Work request: Retype the records exactly, including every line.

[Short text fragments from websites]
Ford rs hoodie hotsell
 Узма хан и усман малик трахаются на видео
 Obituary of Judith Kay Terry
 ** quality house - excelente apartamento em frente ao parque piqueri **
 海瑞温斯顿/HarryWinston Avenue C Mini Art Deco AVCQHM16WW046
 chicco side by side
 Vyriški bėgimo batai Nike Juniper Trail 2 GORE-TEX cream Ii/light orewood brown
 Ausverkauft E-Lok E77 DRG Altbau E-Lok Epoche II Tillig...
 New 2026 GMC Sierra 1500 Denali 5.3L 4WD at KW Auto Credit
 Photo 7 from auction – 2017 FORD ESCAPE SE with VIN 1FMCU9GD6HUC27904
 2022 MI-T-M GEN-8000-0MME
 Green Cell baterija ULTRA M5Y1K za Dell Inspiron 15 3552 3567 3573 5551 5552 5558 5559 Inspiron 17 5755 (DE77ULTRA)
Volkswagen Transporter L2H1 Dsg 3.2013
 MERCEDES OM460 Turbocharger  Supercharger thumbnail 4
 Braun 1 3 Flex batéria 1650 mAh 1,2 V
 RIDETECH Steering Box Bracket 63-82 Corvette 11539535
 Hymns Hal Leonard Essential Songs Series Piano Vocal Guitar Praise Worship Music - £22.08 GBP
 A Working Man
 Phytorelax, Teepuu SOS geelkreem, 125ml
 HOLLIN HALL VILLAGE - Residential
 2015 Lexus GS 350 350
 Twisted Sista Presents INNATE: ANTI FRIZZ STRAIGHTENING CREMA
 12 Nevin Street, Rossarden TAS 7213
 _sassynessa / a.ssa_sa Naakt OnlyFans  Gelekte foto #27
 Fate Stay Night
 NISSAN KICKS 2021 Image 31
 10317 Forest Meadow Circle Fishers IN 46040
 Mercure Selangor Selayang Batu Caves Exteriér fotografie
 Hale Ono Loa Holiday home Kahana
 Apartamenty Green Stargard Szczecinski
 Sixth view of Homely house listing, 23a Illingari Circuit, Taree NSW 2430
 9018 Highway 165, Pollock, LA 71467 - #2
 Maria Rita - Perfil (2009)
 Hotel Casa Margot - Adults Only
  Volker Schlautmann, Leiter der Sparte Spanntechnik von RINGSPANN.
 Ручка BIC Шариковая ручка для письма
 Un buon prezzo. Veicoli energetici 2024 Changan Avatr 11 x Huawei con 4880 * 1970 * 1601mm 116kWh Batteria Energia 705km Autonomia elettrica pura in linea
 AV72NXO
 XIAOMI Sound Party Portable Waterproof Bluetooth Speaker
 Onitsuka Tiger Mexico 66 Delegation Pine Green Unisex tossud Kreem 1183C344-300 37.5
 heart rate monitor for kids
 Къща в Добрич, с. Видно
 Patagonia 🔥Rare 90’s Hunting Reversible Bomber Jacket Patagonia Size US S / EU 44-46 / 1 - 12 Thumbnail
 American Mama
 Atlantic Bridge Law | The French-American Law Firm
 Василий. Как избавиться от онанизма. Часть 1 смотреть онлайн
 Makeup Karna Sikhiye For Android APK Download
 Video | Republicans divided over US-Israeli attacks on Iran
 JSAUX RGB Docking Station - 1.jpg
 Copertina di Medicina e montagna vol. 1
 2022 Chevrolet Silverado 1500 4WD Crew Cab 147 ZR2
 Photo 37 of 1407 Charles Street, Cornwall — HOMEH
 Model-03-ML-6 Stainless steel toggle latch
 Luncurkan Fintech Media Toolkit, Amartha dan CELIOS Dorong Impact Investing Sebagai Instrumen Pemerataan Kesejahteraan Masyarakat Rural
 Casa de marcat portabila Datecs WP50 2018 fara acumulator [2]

Result of the task:
Ford rs hoodie hotsell
 Узма хан и усман малик трахаются на видео
 Obituary of Judith Kay Terry
 ** quality house - excelente apartamento em frente ao parque piqueri **
 海瑞温斯顿/HarryWinston Avenue C Mini Art Deco AVCQHM16WW046
 chicco side by side
 Vyriški bėgimo batai Nike Juniper Trail 2 GORE-TEX cream Ii/light orewood brown
 Ausverkauft E-Lok E77 DRG Altbau E-Lok Epoche II Tillig...
 New 2026 GMC Sierra 1500 Denali 5.3L 4WD at KW Auto Credit
 Photo 7 from auction – 2017 FORD ESCAPE SE with VIN 1FMCU9GD6HUC27904
 2022 MI-T-M GEN-8000-0MME
 Green Cell baterija ULTRA M5Y1K za Dell Inspiron 15 3552 3567 3573 5551 5552 5558 5559 Inspiron 17 5755 (DE77ULTRA)
Volkswagen Transporter L2H1 Dsg 3.2013
 MERCEDES OM460 Turbocharger  Supercharger thumbnail 4
 Braun 1 3 Flex batéria 1650 mAh 1,2 V
 RIDETECH Steering Box Bracket 63-82 Corvette 11539535
 Hymns Hal Leonard Essential Songs Series Piano Vocal Guitar Praise Worship Music - £22.08 GBP
 A Working Man
 Phytorelax, Teepuu SOS geelkreem, 125ml
 HOLLIN HALL VILLAGE - Residential
 2015 Lexus GS 350 350
 Twisted Sista Presents INNATE: ANTI FRIZZ STRAIGHTENING CREMA
 12 Nevin Street, Rossarden TAS 7213
 _sassynessa / a.ssa_sa Naakt OnlyFans  Gelekte foto #27
 Fate Stay Night
 NISSAN KICKS 2021 Image 31
 10317 Forest Meadow Circle Fishers IN 46040
 Mercure Selangor Selayang Batu Caves Exteriér fotografie
 Hale Ono Loa Holiday home Kahana
 Apartamenty Green Stargard Szczecinski
 Sixth view of Homely house listing, 23a Illingari Circuit, Taree NSW 2430
 9018 Highway 165, Pollock, LA 71467 - #2
 Maria Rita - Perfil (2009)
 Hotel Casa Margot - Adults Only
  Volker Schlautmann, Leiter der Sparte Spanntechnik von RINGSPANN.
 Ручка BIC Шариковая ручка для письма
 Un buon prezzo. Veicoli energetici 2024 Changan Avatr 11 x Huawei con 4880 * 1970 * 1601mm 116kWh Batteria Energia 705km Autonomia elettrica pura in linea
 AV72NXO
 XIAOMI Sound Party Portable Waterproof Bluetooth Speaker
 Onitsuka Tiger Mexico 66 Delegation Pine Green Unisex tossud Kreem 1183C344-300 37.5
 heart rate monitor for kids
 Къща в Добрич, с. Видно
 Patagonia 🔥Rare 90’s Hunting Reversible Bomber Jacket Patagonia Size US S / EU 44-46 / 1 - 12 Thumbnail
 American Mama
 Atlantic Bridge Law | The French-American Law Firm
 Василий. Как избавиться от онанизма. Часть 1 смотреть онлайн
 Makeup Karna Sikhiye For Android APK Download
 Video | Republicans divided over US-Israeli attacks on Iran
 JSAUX RGB Docking Station - 1.jpg
 Copertina di Medicina e montagna vol. 1
 2022 Chevrolet Silverado 1500 4WD Crew Cab 147 ZR2
 Photo 37 of 1407 Charles Street, Cornwall — HOMEH
 Model-03-ML-6 Stainless steel toggle latch
 Luncurkan Fintech Media Toolkit, Amartha dan CELIOS Dorong Impact Investing Sebagai Instrumen Pemerataan Kesejahteraan Masyarakat Rural
 Casa de marcat portabila Datecs WP50 2018 fara acumulator [2]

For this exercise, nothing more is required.